Problem Description XOR is a kind of bit operator, we define that as follow: for two binary base number A and B, let C=A XOR B, then for each bit of C, we can get its value by check the digit of corresponding position in A and B. And for each digit, 1 XOR 1 = 0, 1 XOR 0 = 1, 0 XOR 1 = 1, 0 XOR 0 = 0. And we simply write this operator as ^, like 3 ^ 1 = 2,4 ^ 3 = 7. XOR is an amazing operator and this is a question about XOR. We can choose several numbers and do XOR operatorion to them one by one, then we get another number. For example, if we choose 2,3 and 4, we can get 2^3^4=5. Now, you are given N numbers, and you can choose some of them(even a single number) to do XOR on them, and you can get many different numbers.
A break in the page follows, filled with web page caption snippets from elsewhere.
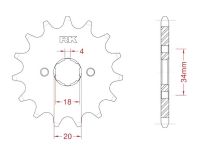 Front sprocket 10 teeth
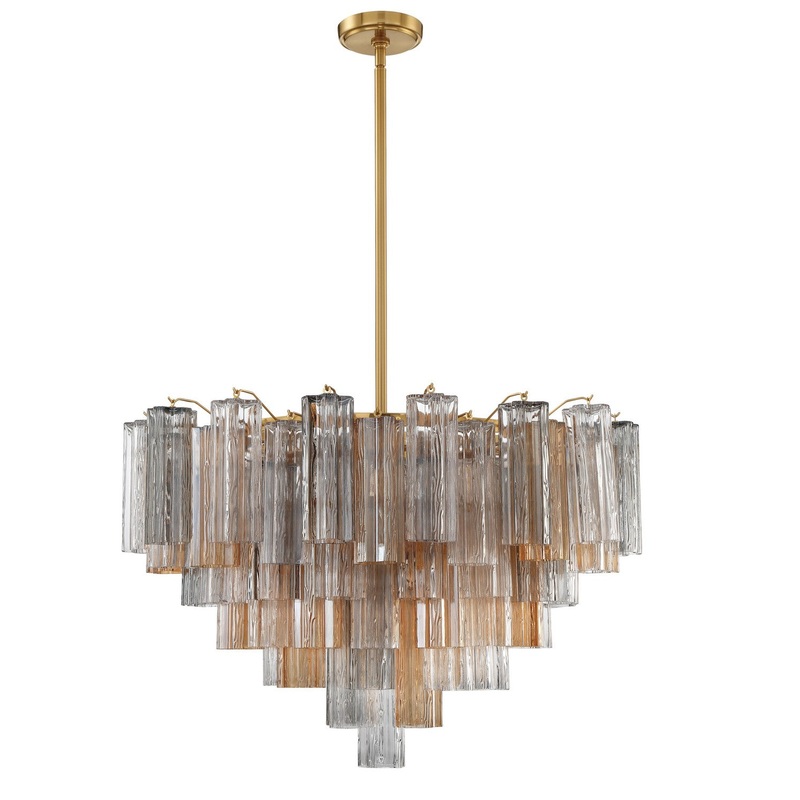 16 Light Chandelier from the Addis Collection in Aged Brass Finish by Crystorama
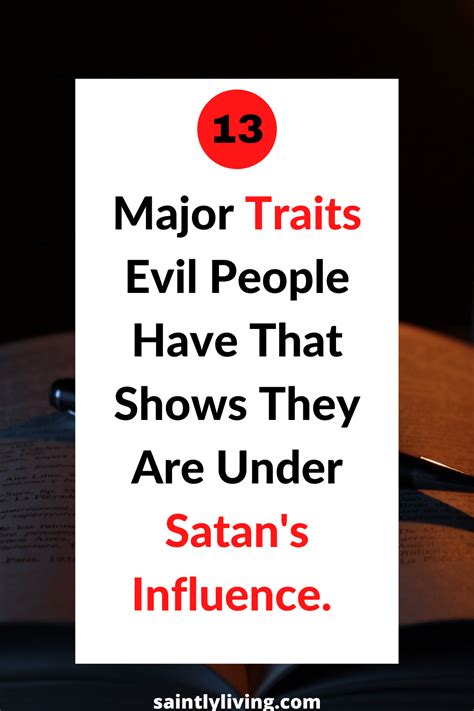 13 Major Traits Of An Evil Person That Defines Them Saintlyliving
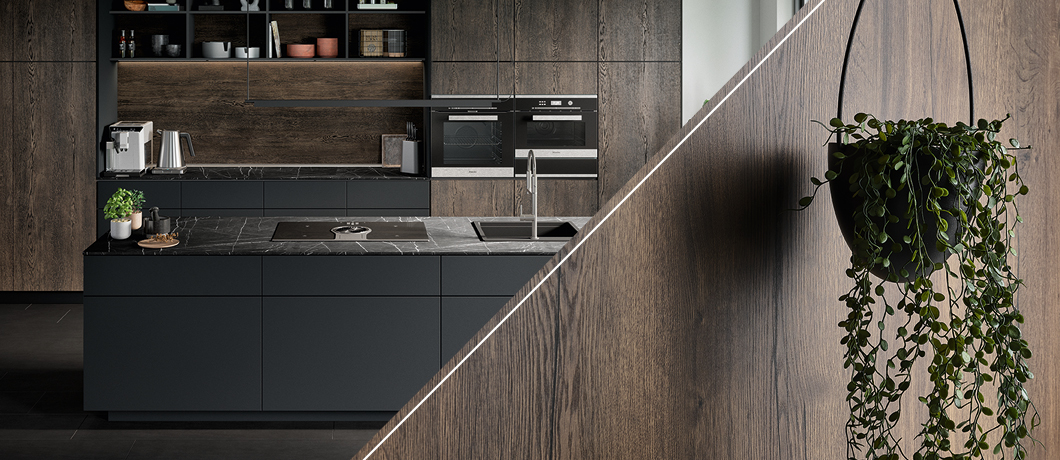 Lakované desky PerfectSense® Feelwood 1 perfectsensefeelwoodlandingpagecollagekitchen01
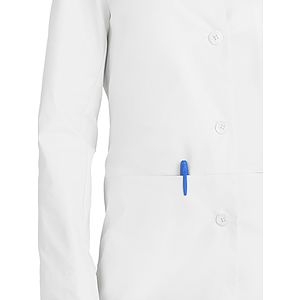 koi - Essentials - Women's Collarless Pearlized Button-Front Care Lab Coat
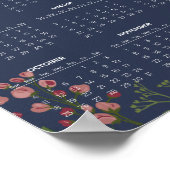 Eenvoudige maar Elegante Bloemencalender 2026 |  Poster (Hoek)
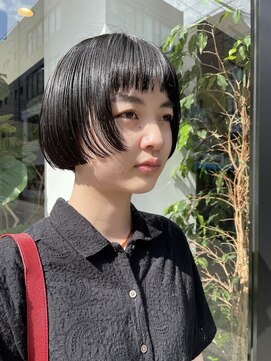 ヘアー アイス ルーチェ(HAIR ICI LUCE) ボブ 前上がりボブ マチルダボブ 担当山中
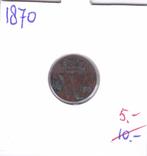 Halve cent 1870 Willem 3 voor 5 euro***, Ophalen of Verzenden, Koning Willem III, Losse munt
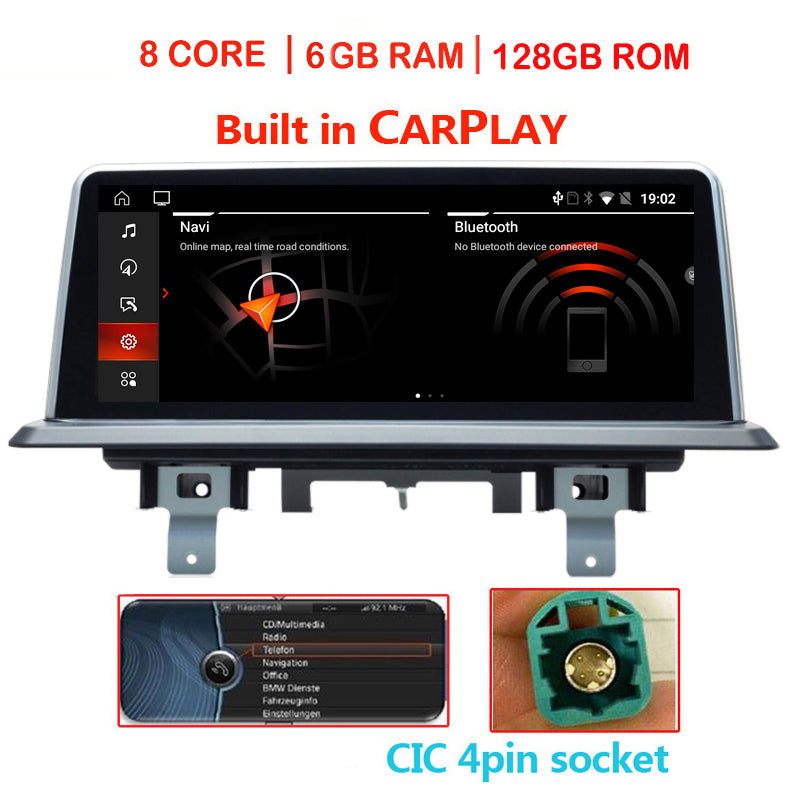 Free Shipping Android Auto Radio 6GB/128GB,for BMW 120 125 128 130, E87,E81,E82,E88,Multimedia Screen,iDrive Control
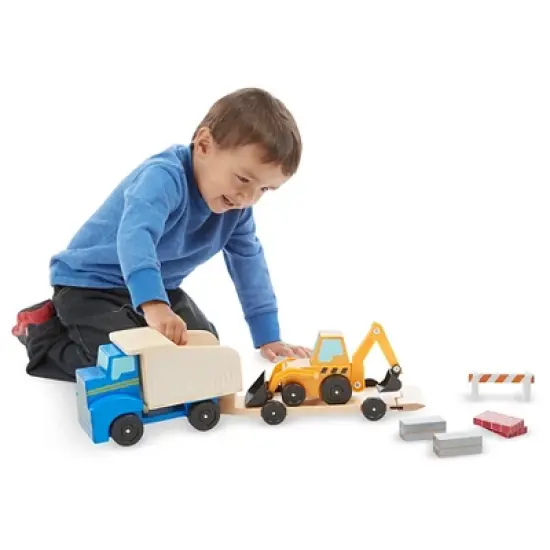 Melissa & Doug Dump Truck & Loader image {4}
Now I want you tell me which number is the K-th smallest number among them.
Input First line of the input is a single integer T(T<=30), indicates there are T test cases.
For each test case, the first line is an integer N(1<=N<=10000), the number of numbers below. The second line contains N integers (each number is between 1 and 10^18). The third line is a number Q(1<=Q<=10000), the number of queries. The fourth line contains Q numbers(each number is between 1 and 10^18) K1,K2,......KQ.
Output For each test case,first output Case #C: in a single line,C means the number of the test case which is from 1 to T. Then for each query, you should output a single line contains the Ki-th smallest number in them, if there are less than Ki different numbers, output -1.
Sample Input 2 2 1 2 4 1 2 3 4 3 1 2 3 5 1 2 3 4 5
Sample Output Case #1: 1 2 3 -1 Case #2: 0 1 2 3 -1 Hint If you choose a single number, the result you get is the number you choose. Using long long instead of int because of the result may exceed 2^31-1.

//

#include<iostream>
#include<cstdio>
#include<cstring>
#include<algorithm>
using namespace std;
#define bignum long long
const int maxn=11000;
//求a中第k小異或值(a[i]可單獨取)
bignum a[maxn];
int n;//0->n-1
int l;//線性基個數
//將a[i]寫成2進位制形式,化簡成標準行列式形式(左上角E,右下角0)
void Gauss(const int m=62)
{
    l=0;
    for(int i=m;i>=0;i--)//位數
    {
        int flag=0;
        for(int j=l;j<n;j++)
        {
            if(a[j]&(1LL<<i))//1LL  important
            {
                swap(a[l],a[j]);flag=1;break;
            }
        }
        if(flag)
        {
            for(int j=0;j<n;j++)
            {
                if(j!=l&&(a[j]&(1LL<<i))) a[j]^=a[l];
            }
            l++;
        }
    }
}
bignum calc(bignum k,const int m=62)
{
   //0特殊處理
   if(l<n)//存在異或值為0
   {
       if(k==1) return 0;
       else k--;
   }
   if(k>=(1LL<<l)) return -1;
   bignum cnt=0;
   for(int i=0;i<=m;i++)
   {
       if(k&(1LL<<i)) cnt^=a[l-i-1];
   }
   return cnt;
}
int main()
{
    int ci,pl=1;scanf("%d",&ci);
    while(ci--)
    {
        scanf("%d",&n);
        for(int i=0;i<n;i++) scanf("%I64d",&a[i]);
        Gauss();
        int q;scanf("%d",&q);
        printf("Case #%d:\n",pl++);
        while(q--)
        {
            bignum k;scanf("%I64d",&k);
            printf("%I64d\n",calc(k));
        }
    }
    return 0;
}